Shafaq News/ In order to pay their tuitions, Iraqi students in Russian Universities said they had to ponder alternative remittance routes to bypass the sanctions the West unleashed on Moscow's financial system.
When a full-scale conflict erupts, it is easy to overlook how ordinary lives are impacted beneath political theatrics. Ordinary Russian citizens and foreign residents have to pay the bill of a war they did not sign up for. This includes the lives of Iraqi students in Russia, whose education will be severely affected by failed transactions resulting from the U.S. and Co sanctions imposed on Russia's financial infrastructure.
Malak al-Obaidi, a medical student studying in Russia, told Shafaq News agency that she pursued remittance by proxy in order to receive a payment from her family in Iraq.
Al-Obaidi said that she had to contact a travel agency company in Moscow that runs many branches in Iraq. "The owner of the company secured the money she needed, while her family paid a proxy of the owner in Iraq."
"Everything is back to normal. We make transactions via travel agencies that have branches in Iraq and Syria," Mohammed al-Shamilawi, a student at the Oil and Gas Institute in Kazan, explained to Shafaq News agency.
"Most Iraqi students in Russia pursue majors related to the oil and gas industry in order to secure jobs in Russian companies operating in Moscow, Iraq -like Gazprom or other companies that have contracts outside Russia."
He continued, "We are compelled to receive the transfer our families send with the Russian local currency, the Ruble, even though deposits are placed in dollar."
A diplomat, who preferred to remain anonymous, told Shafaq News Agency that it is too early to spell out just how far the sanctions will impact the Iraqi students when the banks and transfer companies go offline.
Shafaq News Agency contacted officials in the Iraqi embassy in Moscow, including the cultural attaché, on multiple occasions but failed to obtain official data on the status of the Iraqi students in Russia and how they are coping with the reverberations of the ongoing war on their lives.
"So far, the situation is stable.

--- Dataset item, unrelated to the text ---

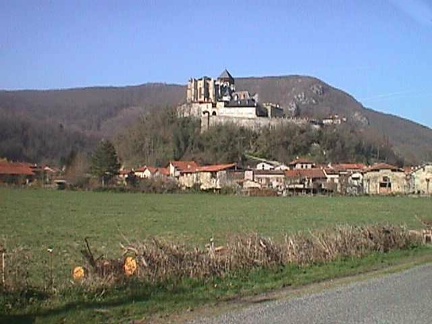 Le cathedrale medieval de St-Bertrand-de-Comminges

Iraqi students are able to pursue their education smoothly," said Haidar al-Shammari, head of the Iraqi community in Russia.
"More than 8,000 Iraqis study in more than 20 universities out of 1,000 across Russia," al-Shammari said, "more than 400 Iraqis are Russian citizens as well."

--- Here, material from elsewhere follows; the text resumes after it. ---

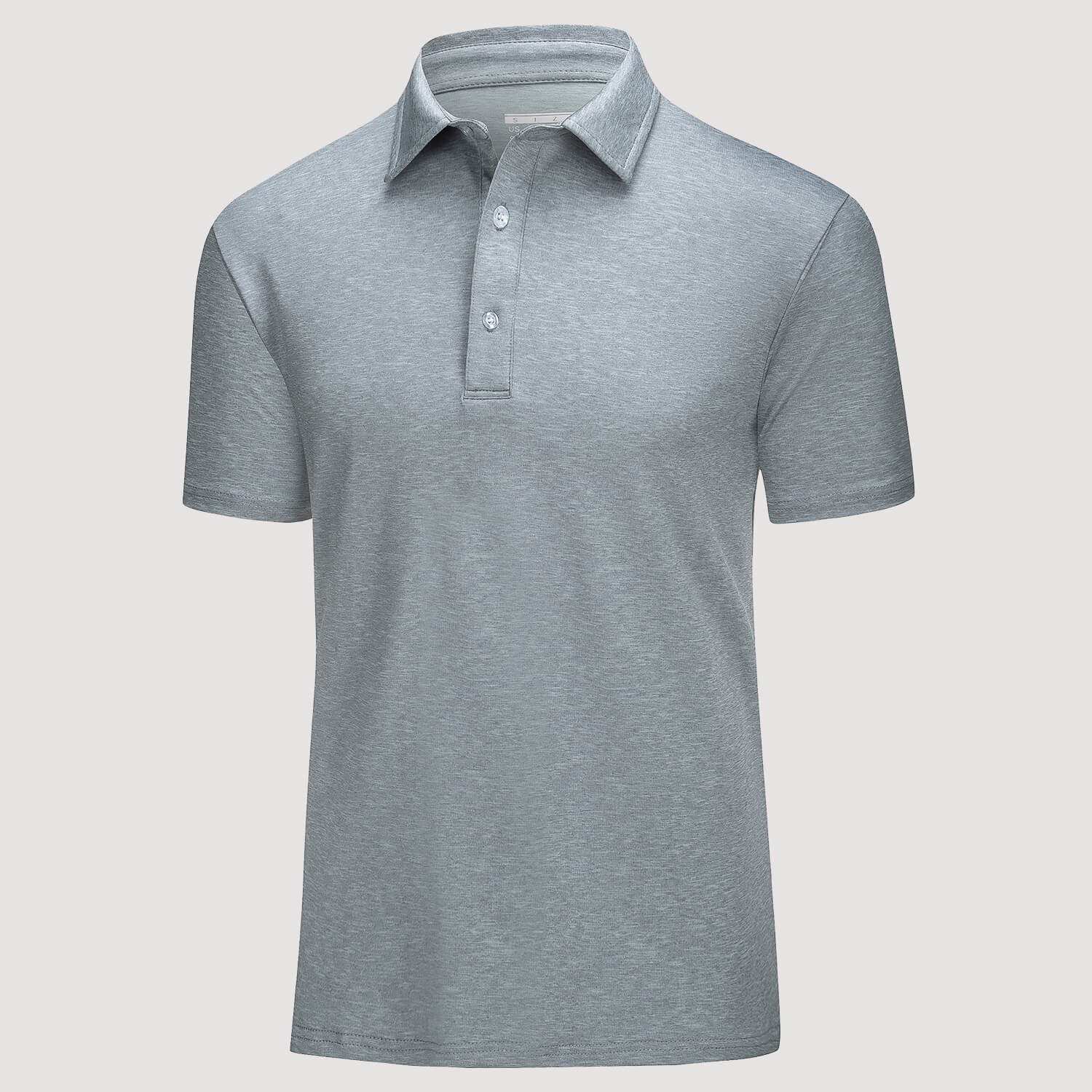 Men's Moisture-Wicking Quick-Dry Polo Shirt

"Most Iraqi students pursue majors related to the oil and gas industry. Tuitions in these majors range between 3,500 and 4,000 dollars annually," al-Shammari explained, "so far, remittances are delivered to Iraqi students without complications. The remittance is mediated by travel agencies. Due to the exceptional circumstances in the country and the high demand for the U.S. dollars, remits are received in the local currency."
Queried by Shafaq News Agency, travel agencies and companies specialized in providing services to students seeking to study abroad said that the Oil and Gas institutes in Arkhangelsk, Astrakhan, Dagestan, Grozny (aka Millionshikov), Irkutsk, Kuban, Maikop, Moscow, Omsk, Perm, and Kazan State Technological Universities, in addition to the Far East Federal University (FEFU), are the top destinations of the Iraqi students in Russia.
The roster also includes Kama Institute of Humanities and Engineering Technology, the North Federal University, North-Caucasus Federal University, the Gubkin Russian State University of Oil and Gas, and St. Petersburg Mining University.